> **YOUR OBJECTIVE**:
When a picture appears among the records, leave it out, and copy all else exactly.
--- EXTRACTED RECORDS Enclosed Below ---
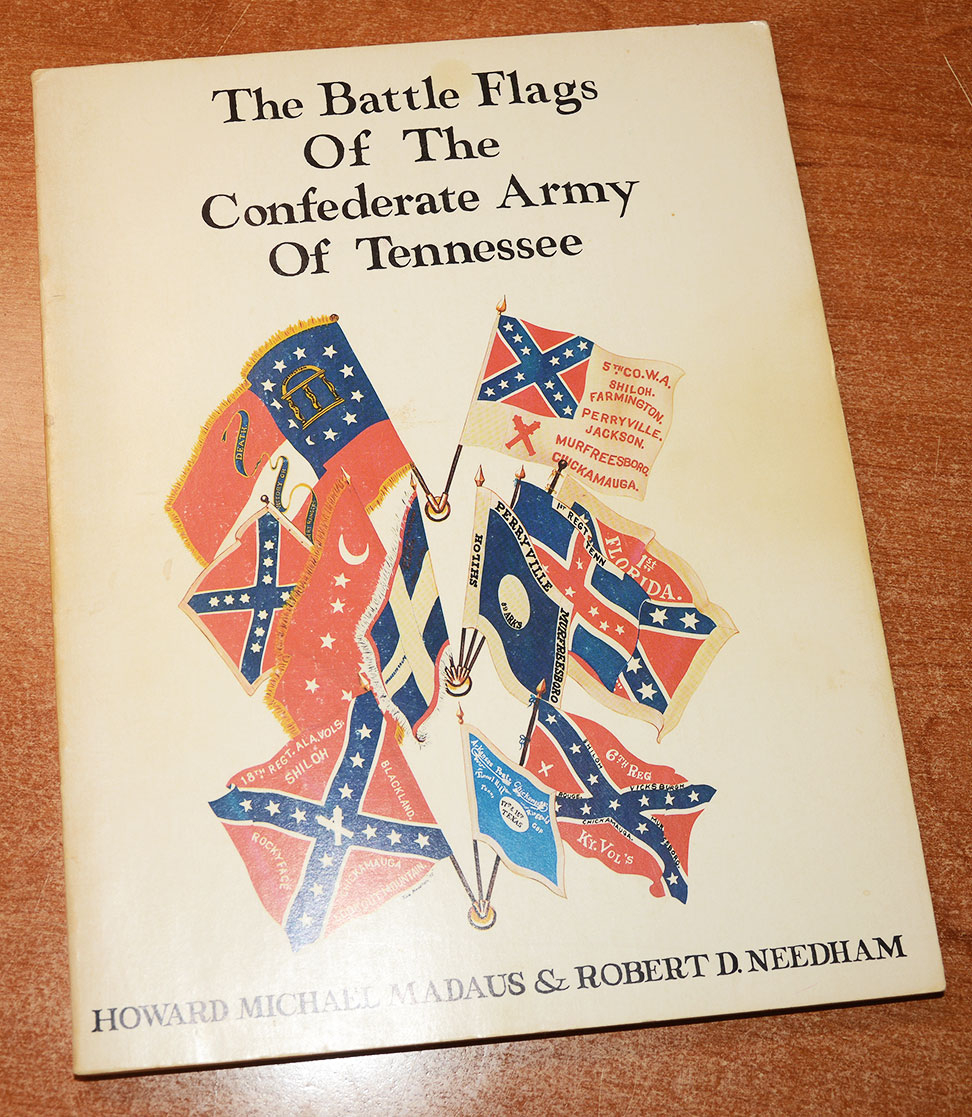 BOOK – THE BATTLE FLAGS OF THE CONFEDERATE ARMY OF TENNESSEE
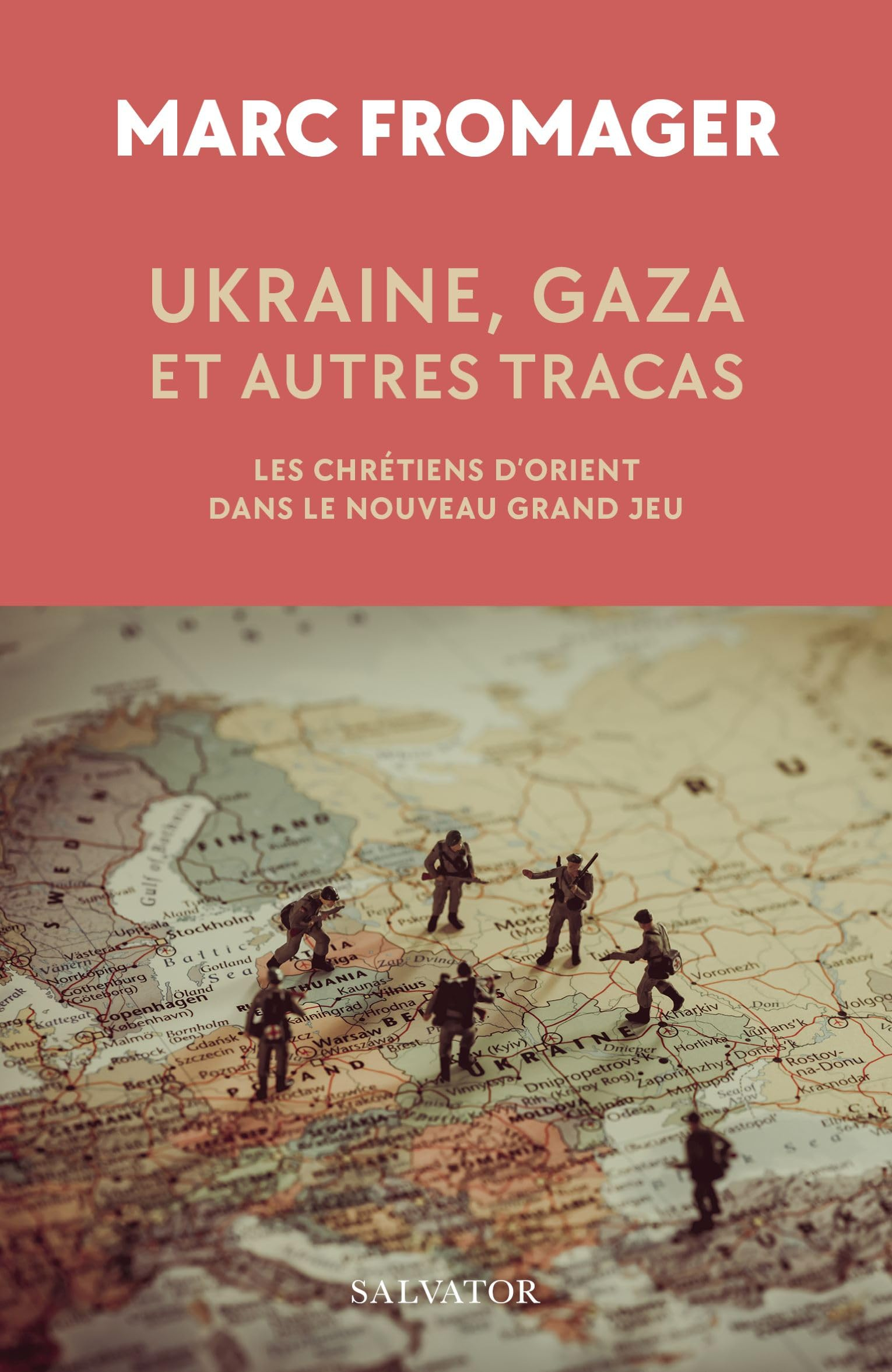 Ukraine, Gaza et autres tracas : les chrétiens d'Orient dans le nouveau grand jeu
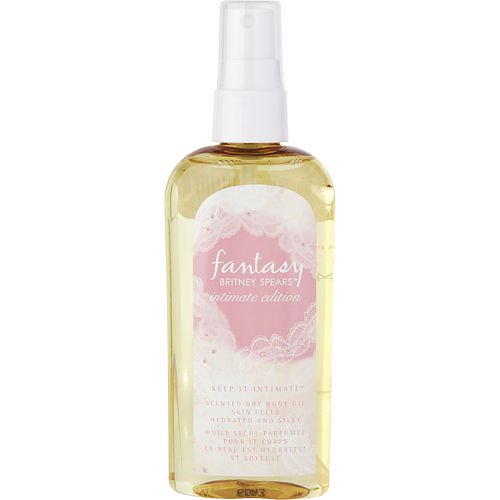 Fantasy Britney Spears By Britney Spears Dry Oil Body Spray 4 2 Oz Intimate Edition Women Walmart Com Walmart Com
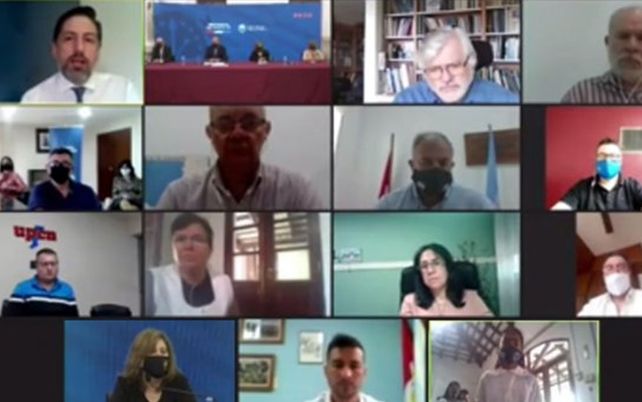 Emotiva vuelta a clases presenciales en escuelas del norte santafesino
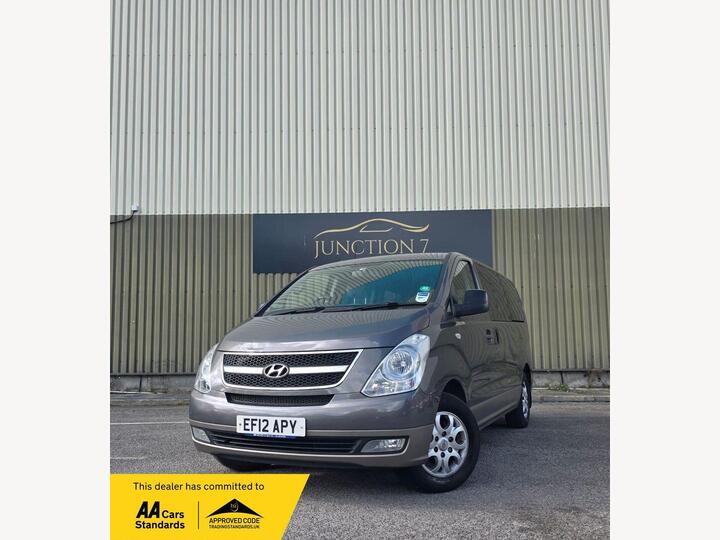 Hyundai I800 2.5 CRDi Style Euro 5 5dr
--- End of Enclosed EXTRACTED RECORDS ---
> **OUTPUT**:
 BOOK – THE BATTLE FLAGS OF THE CONFEDERATE ARMY OF TENNESSEE
 Ukraine, Gaza et autres tracas : les chrétiens d'Orient dans le nouveau grand jeu
 Fantasy Britney Spears By Britney Spears Dry Oil Body Spray 4 2 Oz Intimate Edition Women Walmart Com Walmart Com
 Emotiva vuelta a clases presenciales en escuelas del norte santafesino
 Hyundai I800 2.5 CRDi Style Euro 5 5dr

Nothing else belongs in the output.